Tariq Ali, a novelist and editor of the New Left Review, spoke at the International House Tuesday evening in a talk entitled “The Occupations of Iraq, Afghanistan, and Palestine.” The event was co-sponsored by the Political Union, International House, and SGFC.
In what he described as a pervading political apathy among college students, Ali began his talk by contrasting the present-day political climate with college campuses in the Vietnam War years of the 1960s, in which he said, “everyone knew the U.S. was at war.”
Ali pointed to the absence of a military draft, which would galvanize young people to take a more immediate interest in America’s military campaigns in Iraq and Afghanistan, as a major source of the differences in political attitudes over time.
Ali then shifted his talk to reviewing the circumstances of the most recent war in Iraq. In the buildup to war, Ali said that much of the West was disinterested in an invasion of Iraq. For this reason, he argued, the Bush administration concocted its claim of Iraqi weapons of mass destruction “to drag a skeptical Western world into war.”

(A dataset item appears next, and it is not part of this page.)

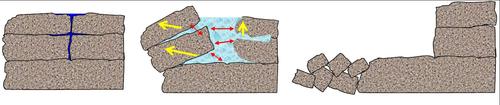 Processes of frost wedging can lead to gravity erosion on steep slopes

Ali was also cynical of the administration’s secondary claim that Saddam Hussein’s brutal actions against Kurds and Shiites warranted his removal from power. He noted that some of Hussein’s most horrific actions were carried out while Hussein was an American ally with its tacit approval.
Ali concluded his remarks on Iraq with an analysis of the logic of occupation.
“Most people in most countries in the world do not like being occupied,” he said. Ali suggested there was a causal relationship between occupation and resistance movements, adding that the bloodshed and unrest in Iraq and elsewhere would not stop until occupational forces are removed.
In his discussion of the Israeli-Palestinian conflict, Ali said that Israel has established a certain permanency in the region, and that the issue could only be resolved by the creation of a Palestinian state or a single, pluralistic nation.
“People need to learn to live together,” Ali said, arguing in favor of the creation of a single nation, while dismissing the two-state solution as “virtually impossible.”
Before concluding his talk, Ali said that American foreign policy could not be reversed or modified by other nations because of U.S. political dominance.
“It is your responsibility to act as citizens,” Ali said to the packed crowd, suggesting that American policy can only be reformulated domestically.